Nothing but the lines from the one containing "DOUBLE TWISTED HOOP EARRINGS" through the end of the entries below should appear in your answer, transcribed exactly; please drop the pictures.

- [Short descriptive text snippets]:
------

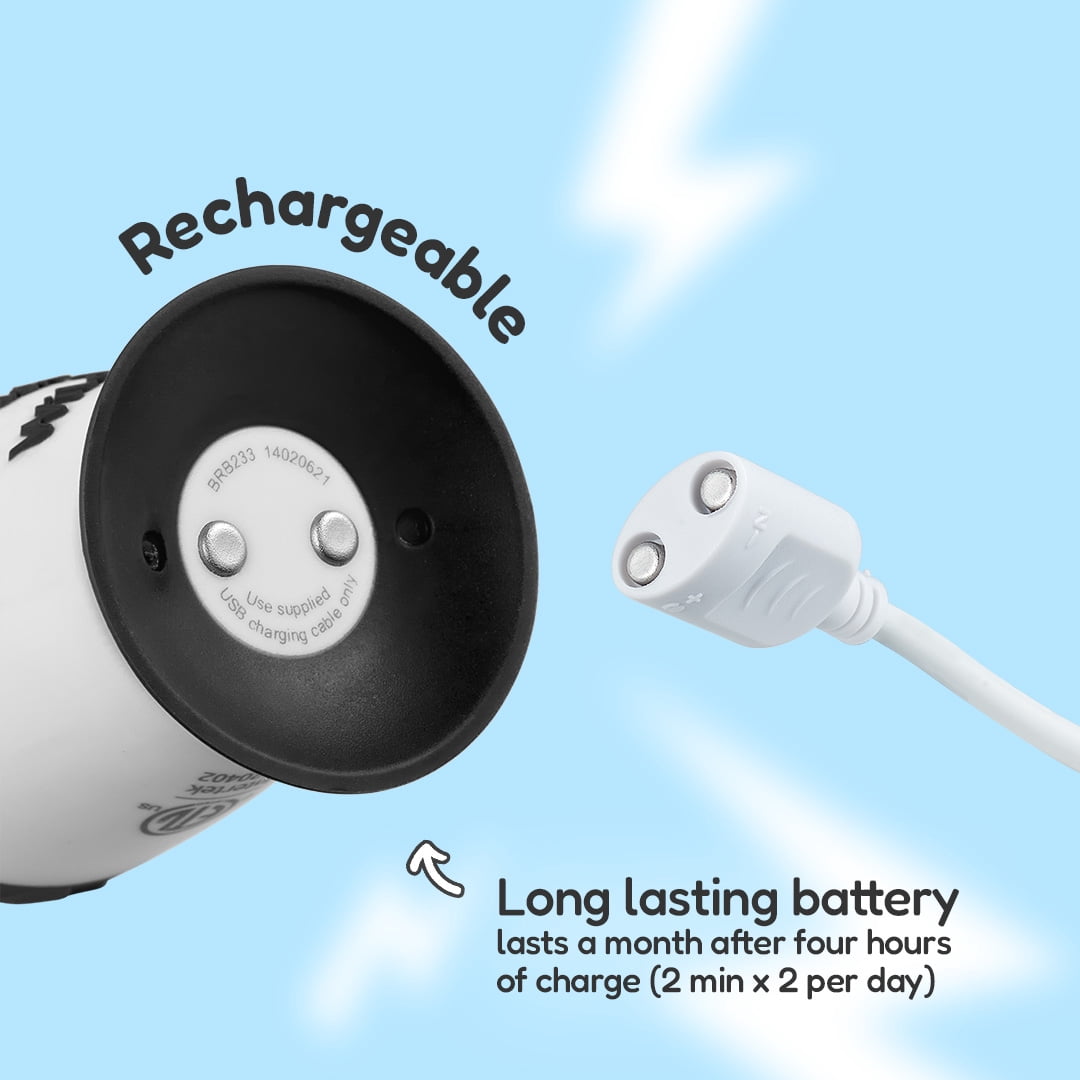 Brush-Baby WildOnes Toddler Electric Rechargeable Toothbrush, Panda Design, 3 Brush Heads, USB Cable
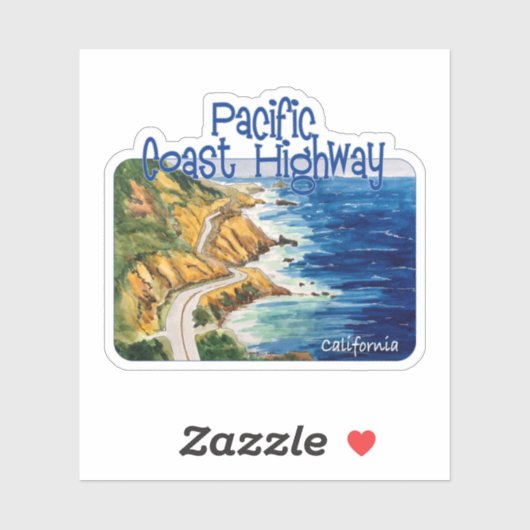 Pacific Coast Highway 1, California Sticker (Vel)
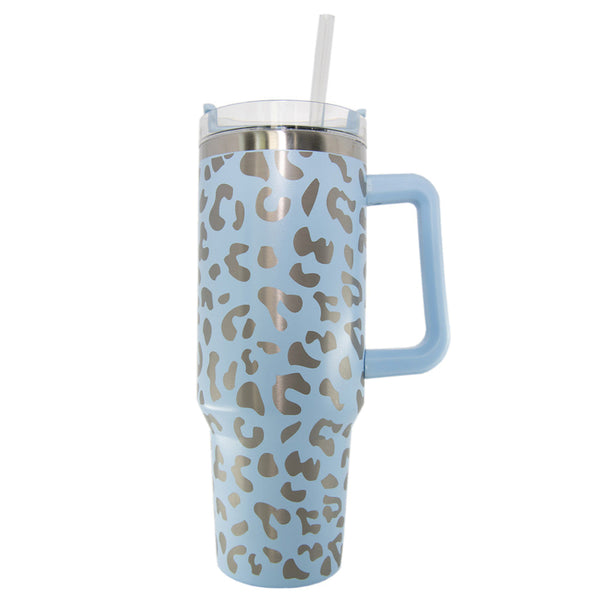 40 oz Tumbler With Handle,Leopard Print Skinny Vacuum Insulated Tumbler  With Straw,Cute Cheetah Print Cups Water Bottle CoffeeTravel Tumbler,  Leopard Decor/Accessories for Women 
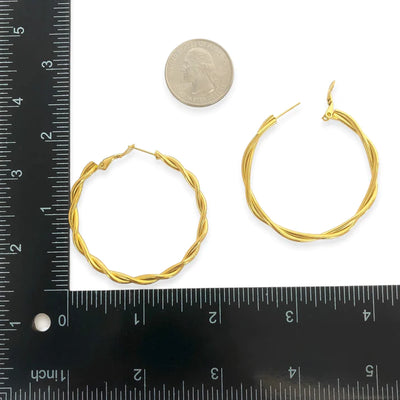 DOUBLE TWISTED HOOP EARRINGS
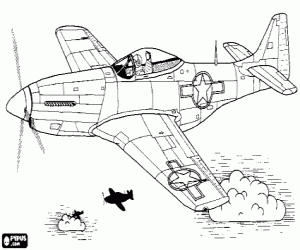 desenho de Três aviões de caça para colorir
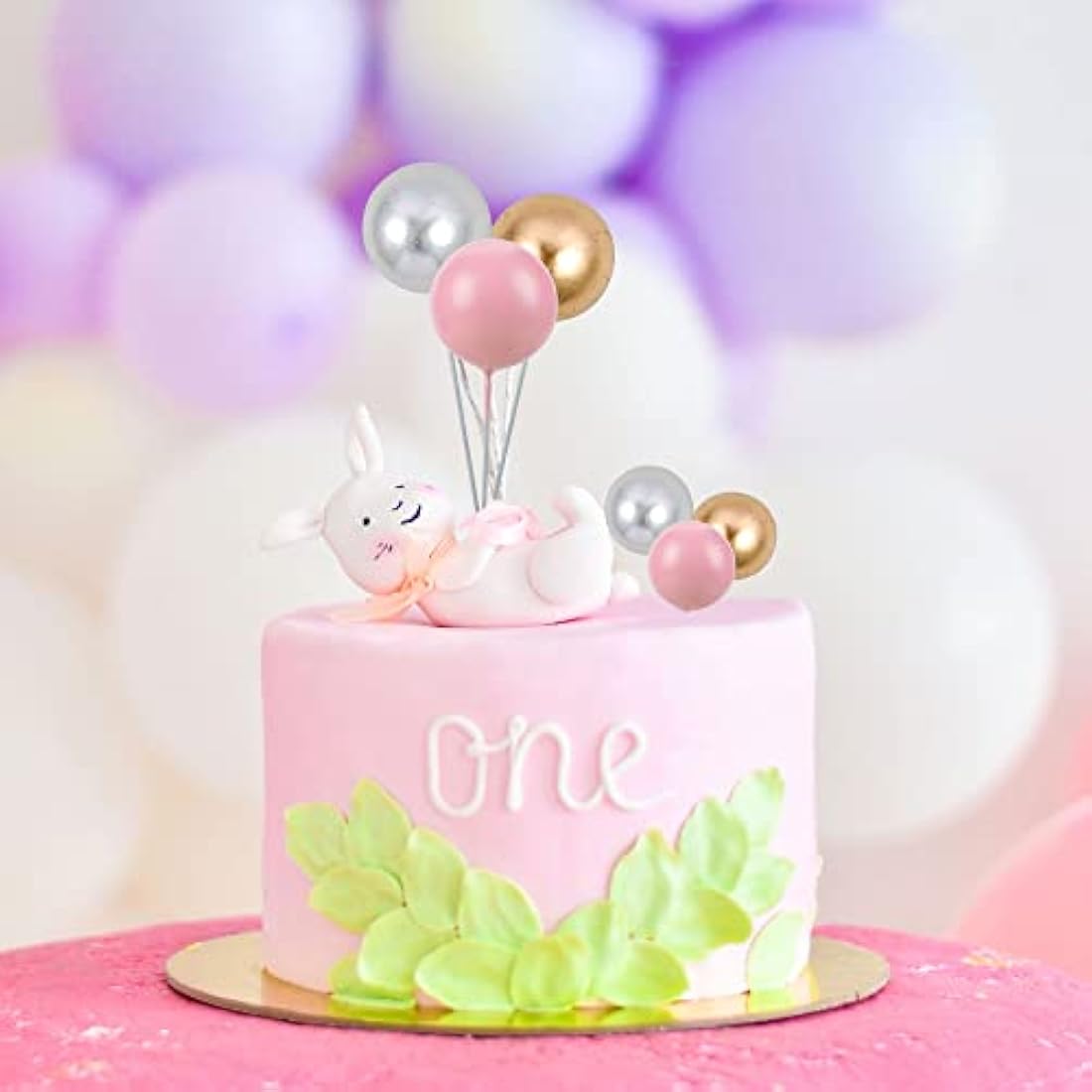 Gyufise 30Pcs Balls Cake Topper Foam Ball Cake Picks Mini Balloon DIY Cake Insert Topper Decoration for Baby Shower Wedding Anniversary Kids Birthday Party Cake Decorations Gold Silver Pink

------

- [Exercise output]:
 DOUBLE TWISTED HOOP EARRINGS
 desenho de Três aviões de caça para colorir
 Gyufise 30Pcs Balls Cake Topper Foam Ball Cake Picks Mini Balloon DIY Cake Insert Topper Decoration for Baby Shower Wedding Anniversary Kids Birthday Party Cake Decorations Gold Silver Pink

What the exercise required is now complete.